The broadcaster said it would air only “limited sport programming” over the weekend after hosts of many of its popular sports shows declined to appear, in solidarity with Lineker.

He was suspended from “Match of the Day,” the iconic soccer highlights show, over a Twitter post that compared lawmakers’ language about migrants to that used in Nazi Germany.

Instead of blanket coverage of the most popular league in the world, the BBC had no preview shows on radio or TV.

Soccer fans tuning for “Match of the Day”, which has been a British institution for 60 years, will likely get match coverage from the same feed used by broadcasters around the world instead of BBC’s own commentators.

And there was to be no studio punditry from some of the most high-profile stars in the British game as former England strikers Ian Wright and Alan Shearer led the boycott.

There will not be any post-match player interviews, either. The Professional Footballers’ Association said some players wanted to boycott the show as a gesture of support.

The union said it was a “common sense solution” to avoid players facing sanctions for breaching their broadcast commitments.

The BBC said it was “sorry for these changes which we recognise will be disappointing for BBC sport fans. We are working hard to resolve the situation and hope to do so soon.”

Liverpool manager Jurgen Klopp said he could not understand the BBC’s decision to stand down Gary Lineker from presenting Match of the Day, insisting it should be possible for people to express their opinions.


Household name

Lineker, 62, was a household name in Britain even before he became chief “Match of the Day” presenter in 1999.

One of English soccer’s most lauded players, he was the leading scorer at the 1986 World Cup and finished his international career with 48 goals in 80 matches for England.

After retiring from a career that included stints with Barcelona, Tottenham, Everton and Leicester, Lineker has become one of the U.K.’s most influential media figures and the BBC’s best-paid star, earning Stg 1.35 million pounds ($2.47 million).

An enthusiastic social media user with 8.7 million Twitter followers, Lineker has long irked right-of-centre politicians and activists with his liberal views, including criticism of Britain’s decision to leave the European Union.

How it played out

The latest controversy began with a tweet on Tuesday from Lineker’s account describing the government’s plan to detain and deport migrants arriving by boat as “an immeasurably cruel policy directed at the most vulnerable people in language that is not dissimilar to that used by Germany in the 30s.”
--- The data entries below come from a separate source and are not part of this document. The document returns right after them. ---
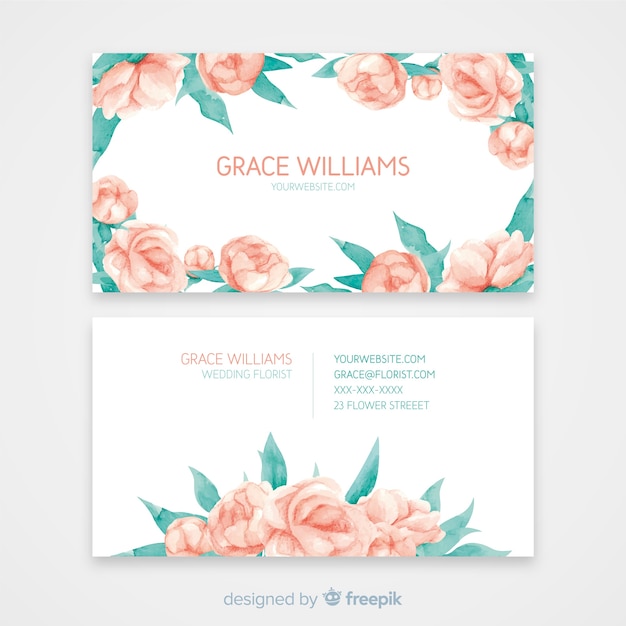 Watercolor business card template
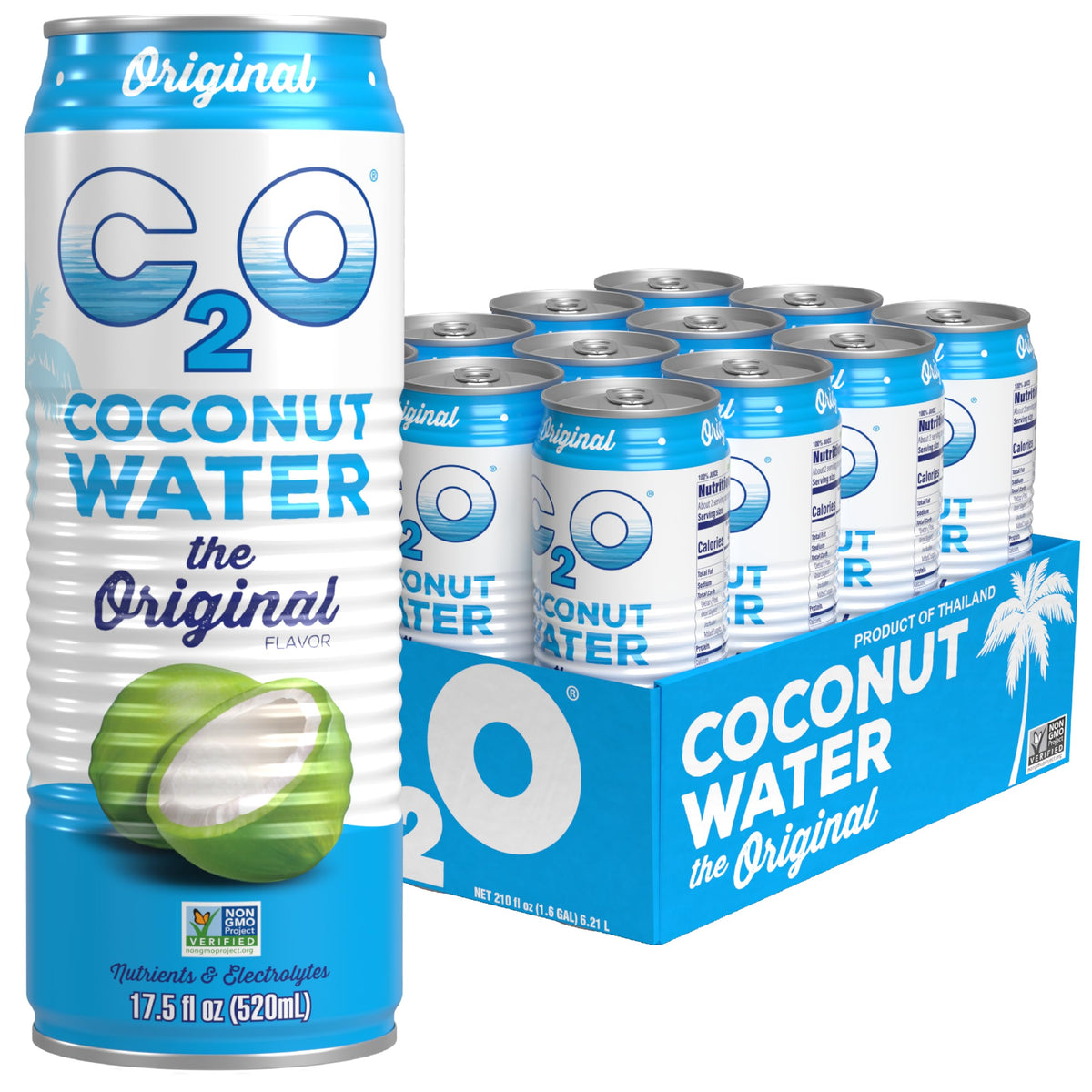 C2O Pure Coconut Water, 100% All Natural Electrolyte Drink - Healthy Alternative to, Soda, Coffee, and Sports Drink - Non-GMO, Gluten Free – 10.5 Fluid Ounce (Pack of 24)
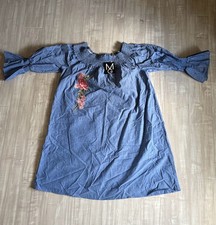 Mlle Gabrielle Blue Denim Off-Shoulder Embroidered Floral Shift Dress picture
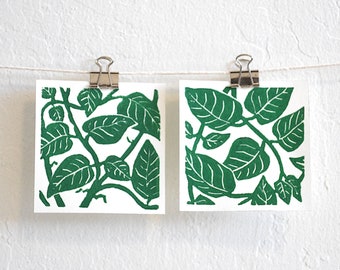 leaves and stems - set of two mini botanical nature themed linocut prints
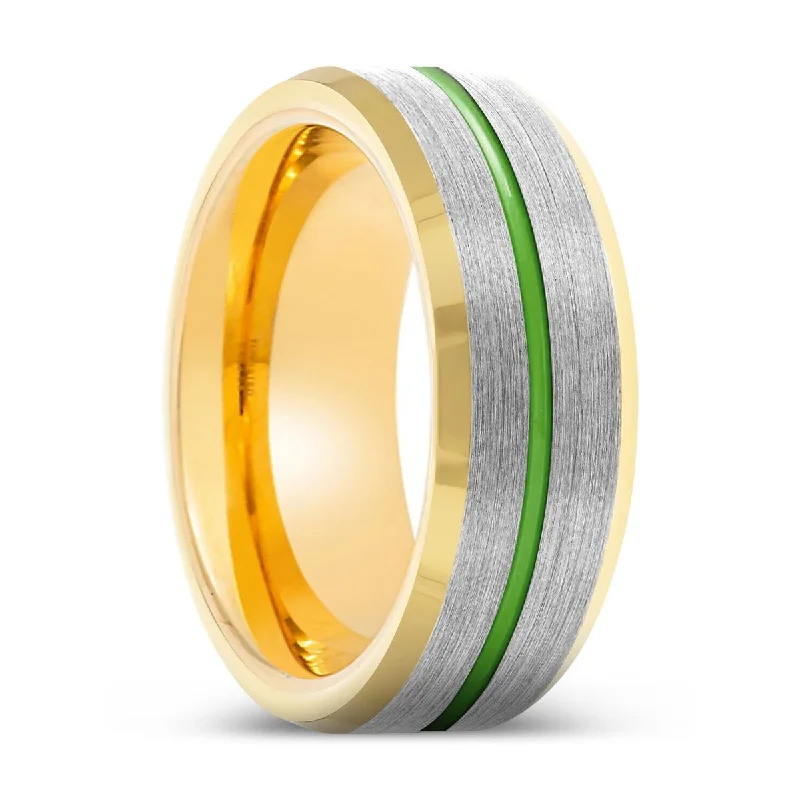 ORACLE | Gold Ring, Silver Tungsten Ring, Green Groove, Gold Beveled Edge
The Conservative government called Lineker’s Nazi comparison offensive and unacceptable, and some lawmakers said he should be fired.
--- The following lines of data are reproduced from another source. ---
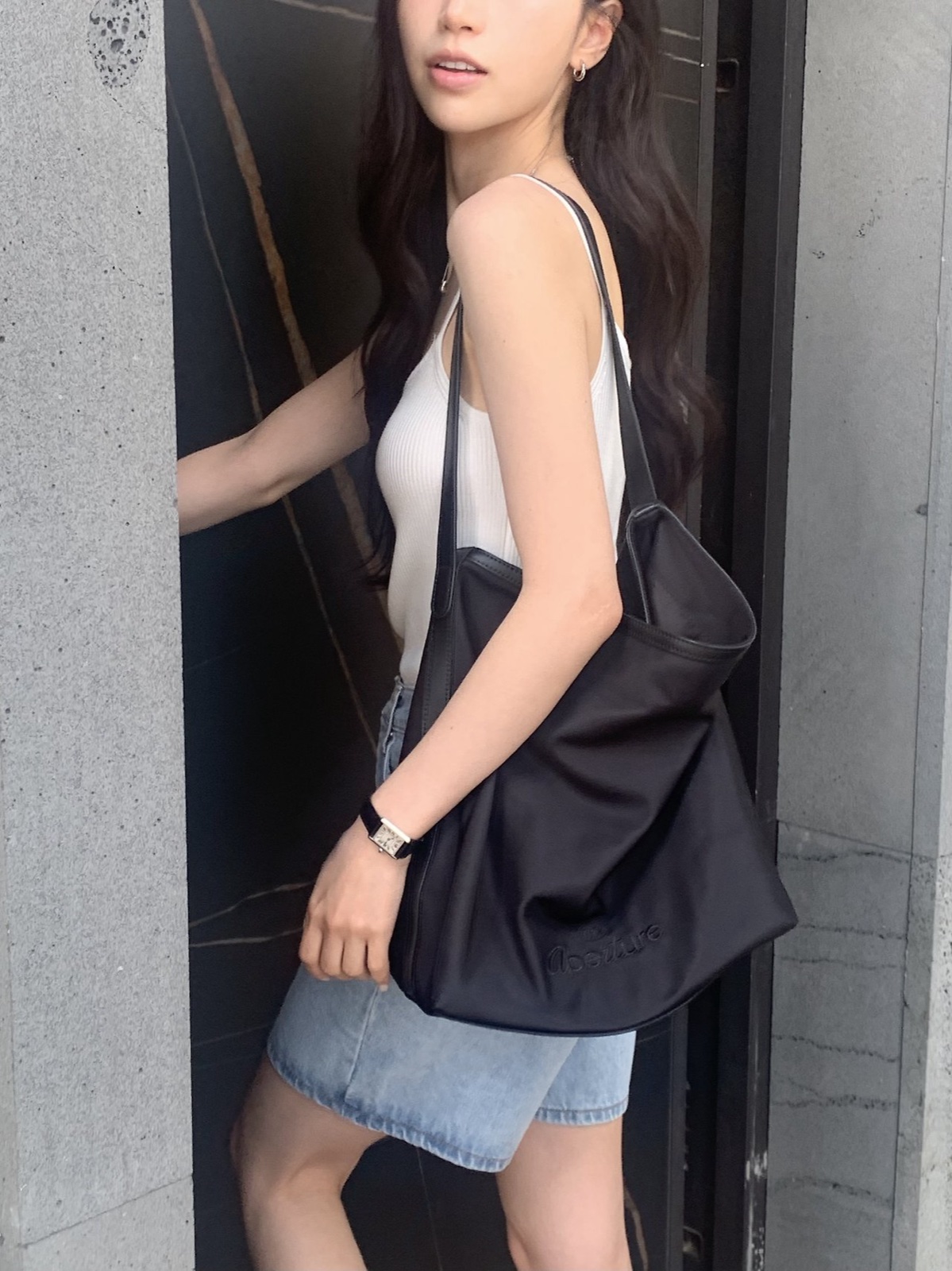 포이 가이하라 하프 데님 상세 이미지 2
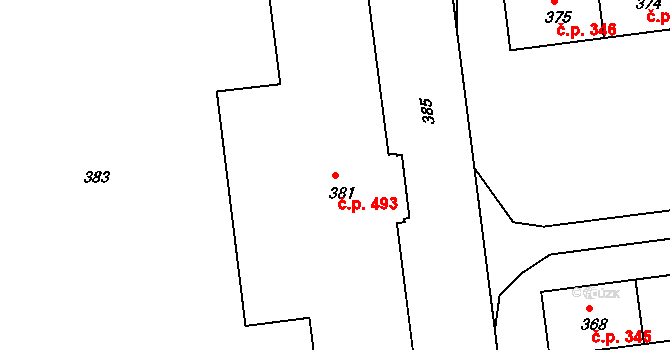 Poruba 493, Ostrava na parcele st. 381 v KÚ Poruba, Katastrální mapa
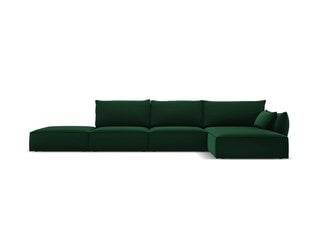 Dešinioji kampinė velvet sofa Vanda, 5 sėdimos vietos, žalio butelio sp. kaina ir informacija | Minkšti kampai | pigu.lt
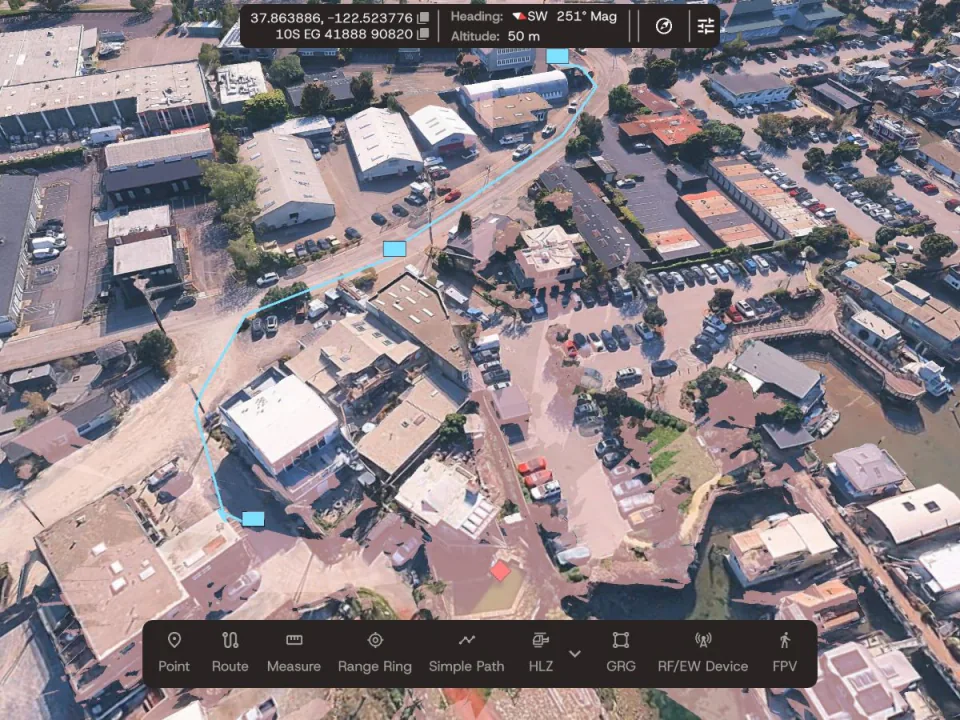 Farsight 3D map with a planned route drawn through a waterfront neighborhood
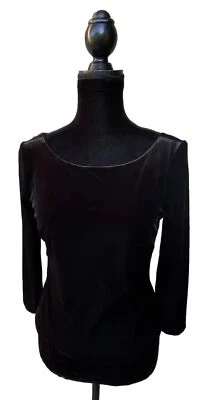 Top de terciopelo negro Eliza J talla 6 espalda baja cuello barco forrado mangas 3/4 NUEVO Foto 1 de 4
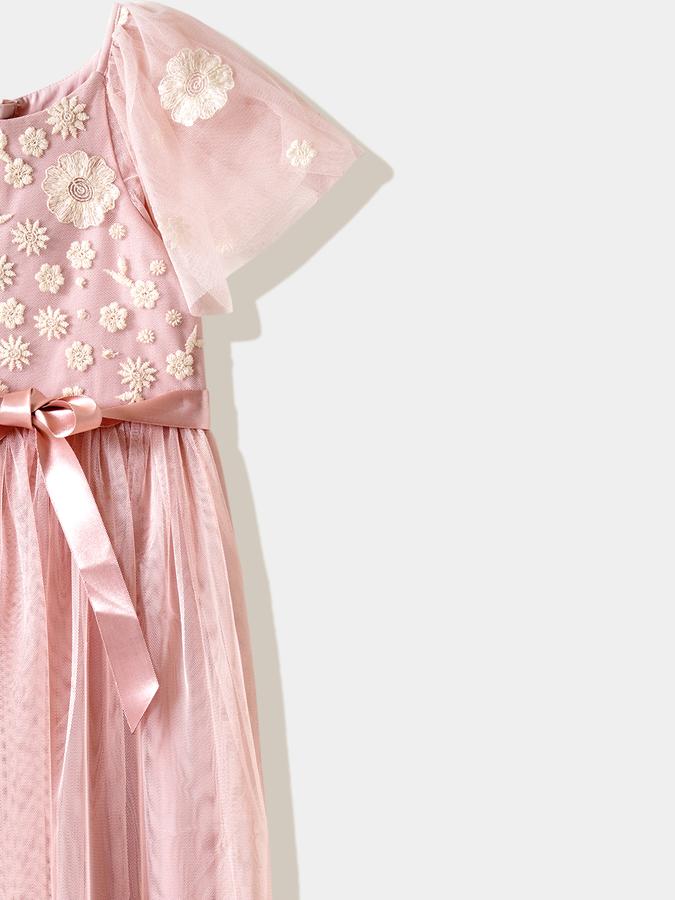 Girls Tulle Fit And Flare Round Neck Ruffled Dress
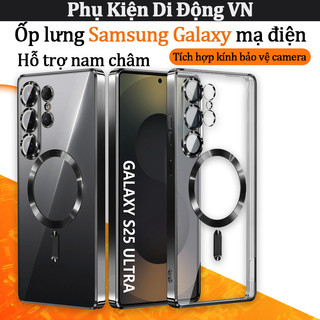 Ốp lưng Samsung Galaxy chống sốc hỗ trợ sạc từ tính mạ viền bảo vệ camera cho S24 S25 S26 Ultra Plus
On Friday, the BBC said Lineker would “step back” from “Match of the Day” until “we’ve got an agreed and clear position on his use of social media.”

Lineker has yet to comment publicly, and on Saturday went to his hometown to watch Leicester City host Chelsea. He was greeted with cheers from bystanders as he arrived.

Keir Starmer, leader of the main opposition Labour Party, said the BBC was “caving in” to political pressure from Conservative lawmakers.

“They got this one badly wrong and now they’re very, very exposed,” he said.